Foggy Hollow Farm is located 25 miles Northwest of Nashville in Joelton, TN. The farm is situated on 30 acres and is bordered on the West by Marrowbone Creek, the South by Beech Hollow Creek, and the North by Valley View Road. The majority of the growing field are located on creek bottom adjacent to Marrowbone Creek. This land contains rich black soil great for goats, chickens and vegetables. The property has a natural year-round spring which is used to irrigate critters and crops. Currently, we are fortunate to have Eaton’s Creek Organics growing vegetables on our land. We sell our chickens, eggs, and produce through Nashville area Farmer’s Markets and restaurants. On many mornings and late afternoons, a wispy fog will settle in the hollow blanketing the goats, chickens and vegetables.
When deciding on a name for the farm, we decided to call it what it was, a Foggy Hollow.


Eric, after a 10-year career in the field of finance and accounting, decided to pursue his dream of organic farming.  In 2008, after a year of looking for the “perfect” location, the Patrick Family purchased 30 acres along Marrowbone Creek that would later become Foggy Hollow Farm.  A year later, Eric left his corporate job to pursue farming full-time. After five years building the farm infrastructure, Eric has returned to the accounting world as a CFO for Energy Logic in Antioch.

John, grew up on a chicken farm, but took off 35 years as federal civil servant as a postal employee, federal law enforcement officer, and finally as an Office of Inspector General evaluator for the Environmental Protection Agency in Washington DC. He now considers himself a young farmer, again. He is working toward better ways to produce chicken and eggs that are more sustainable to the land and watershed and economically viable for the farmer.

Rebecca – Although I don’t spend as much time on farm work as John, I’ve helped clear flood debris from the fence line, pruned blackberries, fed the animals, picked blueberries and gathered eggs. Lots of blueberries and lots of eggs. We have a small garden area near our house where I’ve planted tomatoes, herbs, assorted other edibles, and flowers. Last year with John’s help I established an asparagus bed, and I look forward to seeing what comes up there this spring. Learning about what to plant when, and how to prepare and tend the soil is delightfully challenging.

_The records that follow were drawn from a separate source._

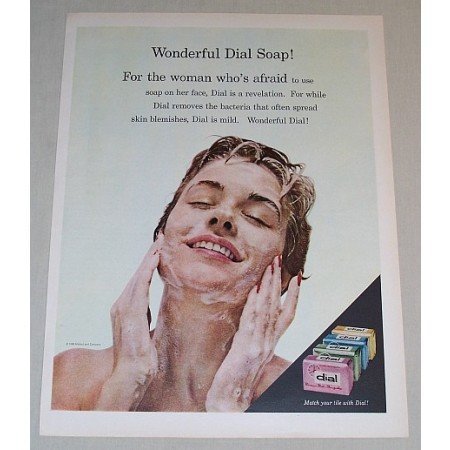 1958 Dial Soap Color Print Ad - Wonderful Dial Soap!
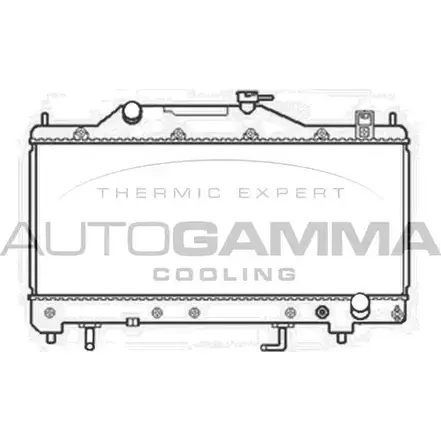 Радиатор охлаждения двигателя AUTOGAMMA V1 XKI2 PGAHUAV 3850977 103813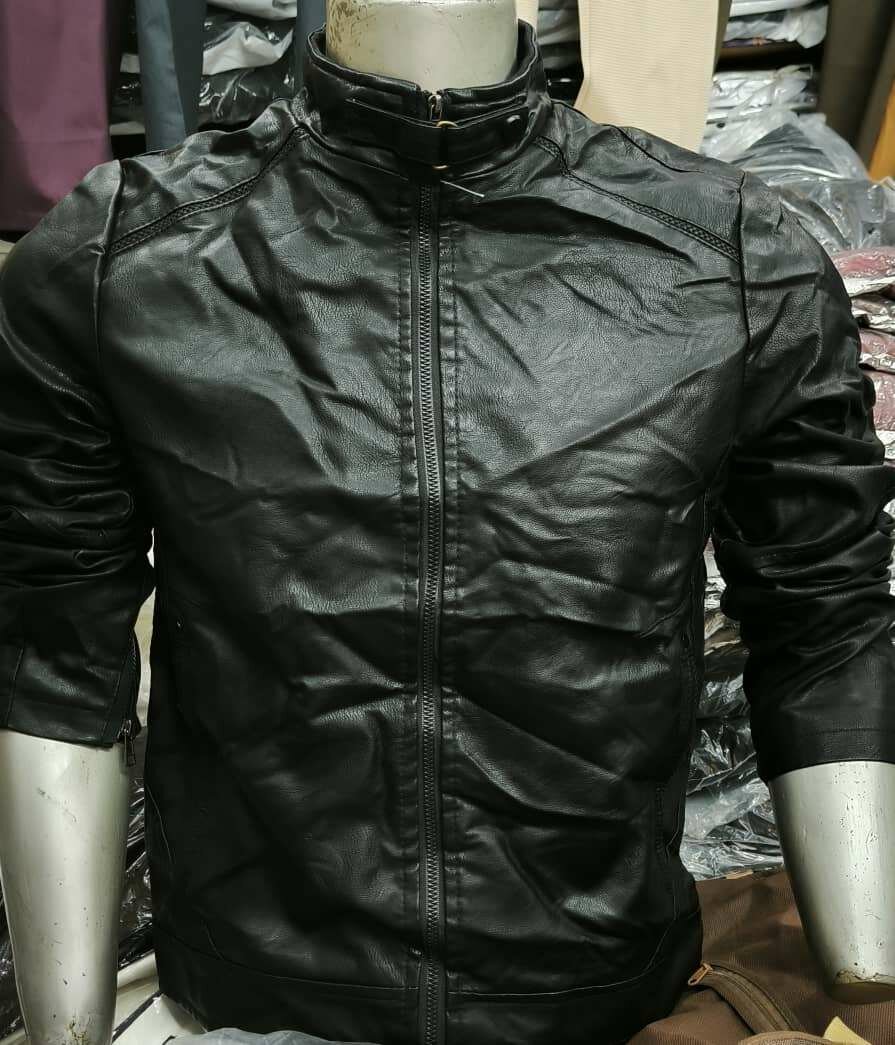 Veste en cuir homme élégante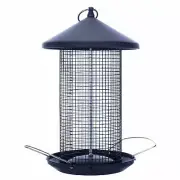 Cottage Garden 12" Matte Black Heavy Duty Mesh Metal 3 Lb. Nut Bird Feeder
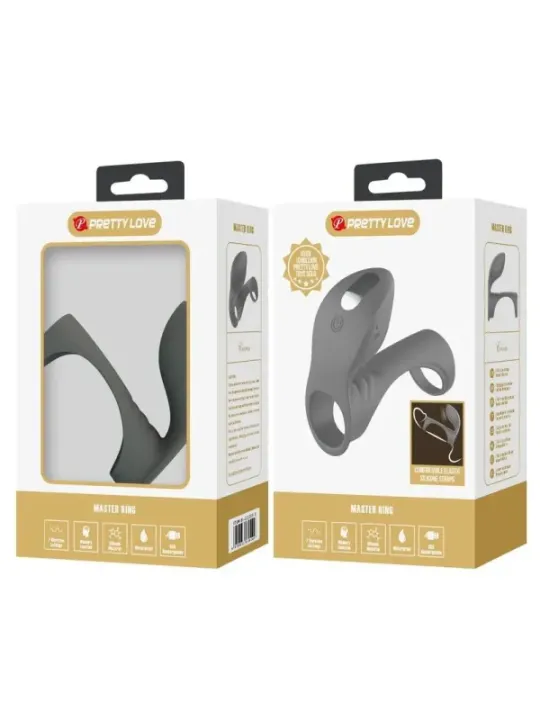 Pretty Love - Anello Vibrante Ricaricabile Con Doppio Stimolatore - FOR HIM - Anelli Fallici | erosidea.com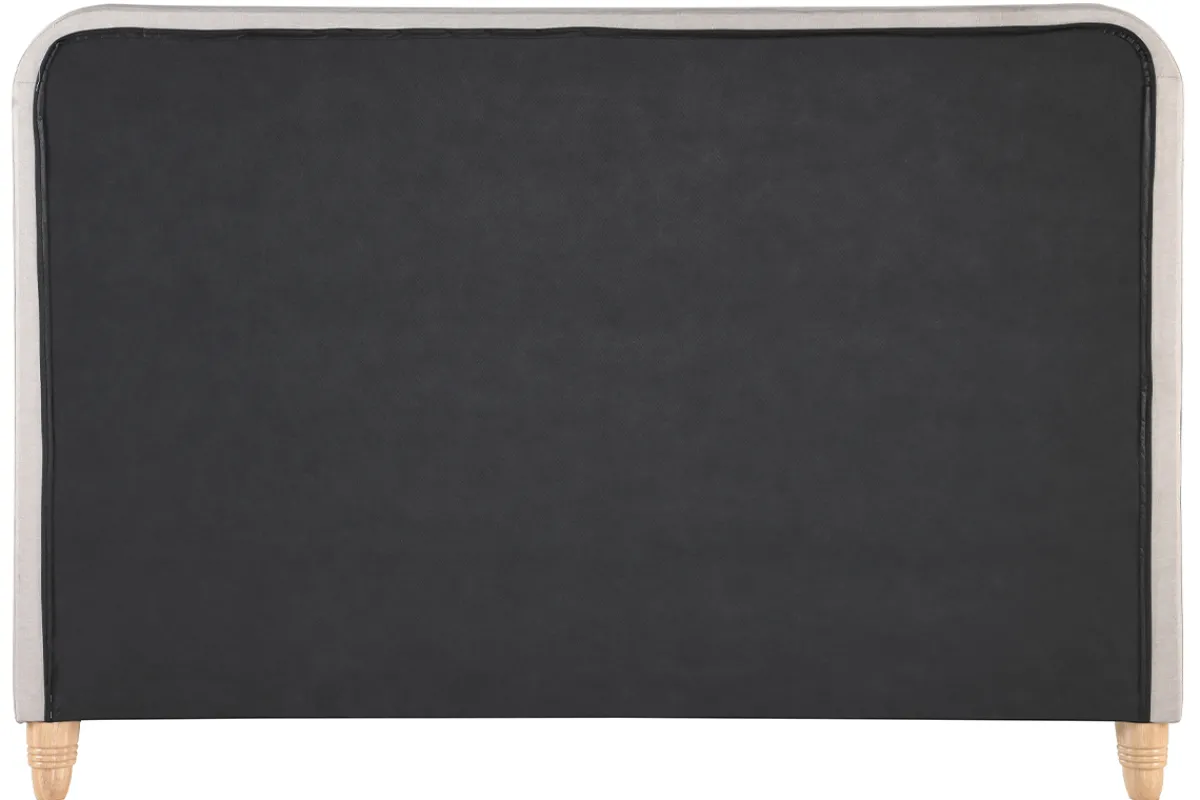 Miliboo Bett gepolstert Stoff Beige 160 x 200 cm KRISTEN* Betten Für Erwachsene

I have a great view of John’s projects, including selecting and planting five varieties of blueberries so that there is a wave of fruit from the end of June until mid-August. Another is his goal of establishing a heritage poultry network in Middle Tennessee. Using the 1953 Standards of Perfection, he assessed the chickens and roosters to choose the best Barred Plymouth Rocks for breeding families. Currently, three families have their own separate houses in the pasture, and he’s been collecting their eggs for the incubator. So far several hundred chickens in middle Tennessee began their lives on Foggy Hollow Farm and were hatched in our utility room. This farm is a place where it is easy to feel connected to life and the incredible generosity of the Earth.